■ Assignment:
Without the pictures, output the records below exactly as they are.

[Data extract Boundary: Start]

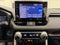 2022 Toyota RAV4 Hybrid Limited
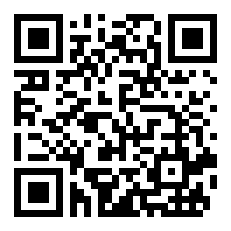 清香木可以放卧室吗详细介绍2022已更新(今日/推荐)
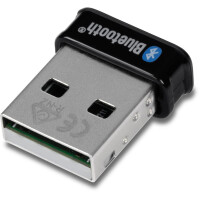 TRENDnet MICRO BLUETOOTH 5.0 USB
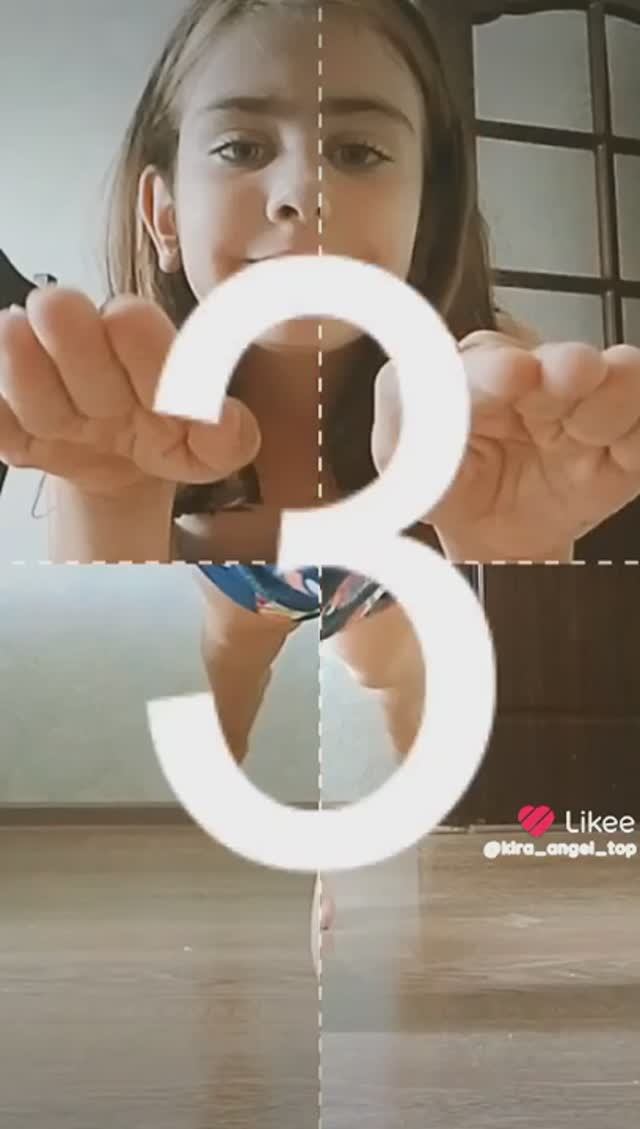 Like смотреть онлайн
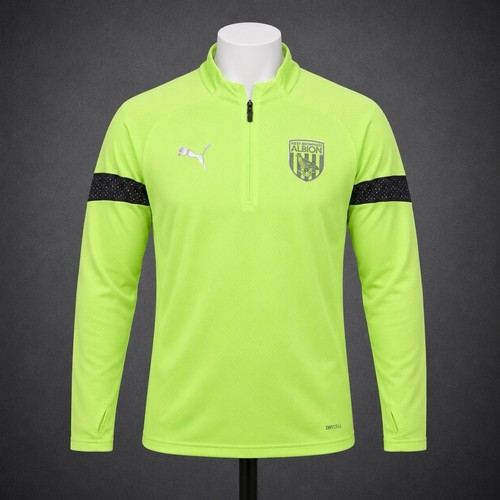 Puma west brom - west,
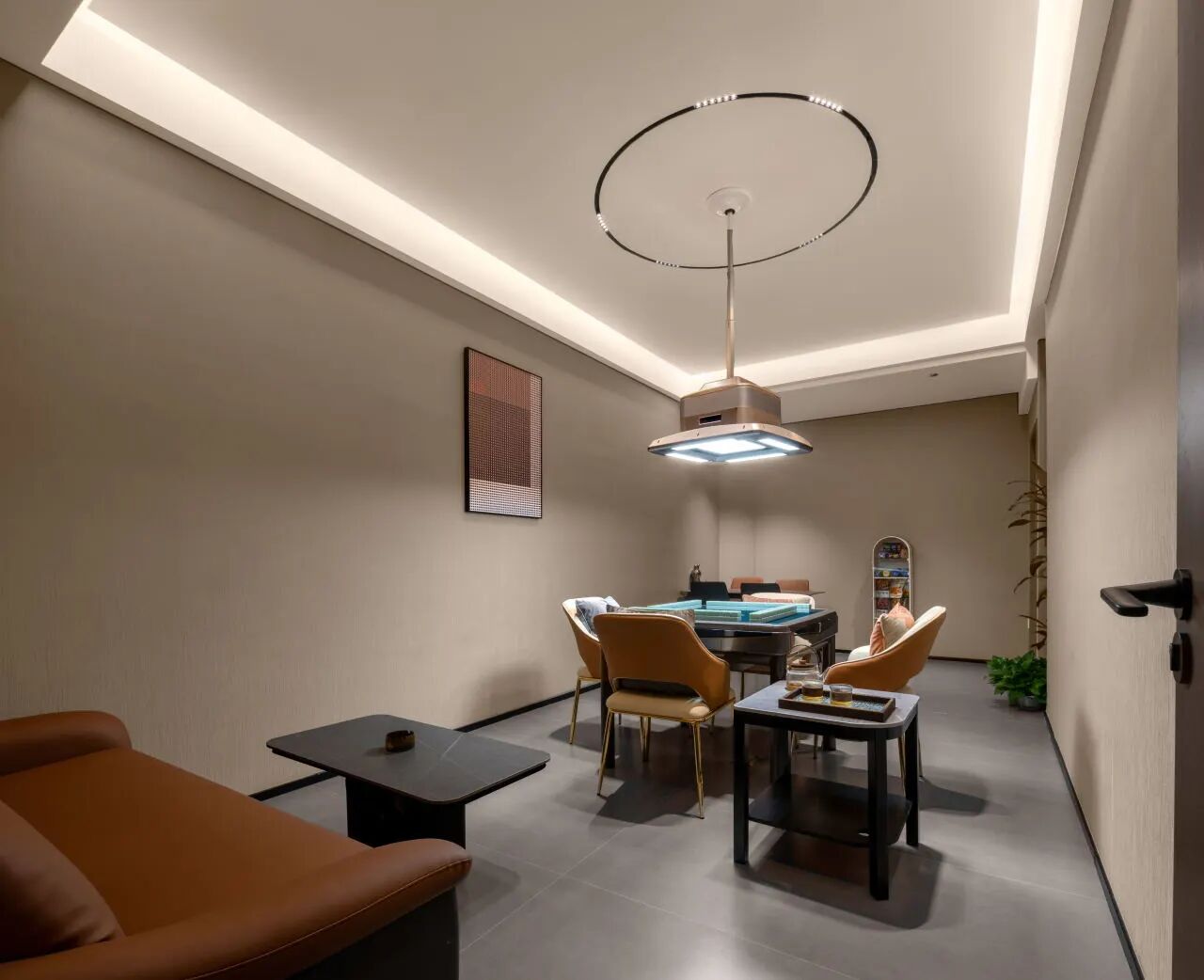 吕钦荣：艺鸿装饰首席设计师(图25)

[Data extract Boundary: End]

■ Output of the exercise:
 2022 Toyota RAV4 Hybrid Limited
 清香木可以放卧室吗详细介绍2022已更新(今日/推荐)
 TRENDnet MICRO BLUETOOTH 5.0 USB
 Like смотреть онлайн
 Puma west brom - west,
 吕钦荣：艺鸿装饰首席设计师(图25)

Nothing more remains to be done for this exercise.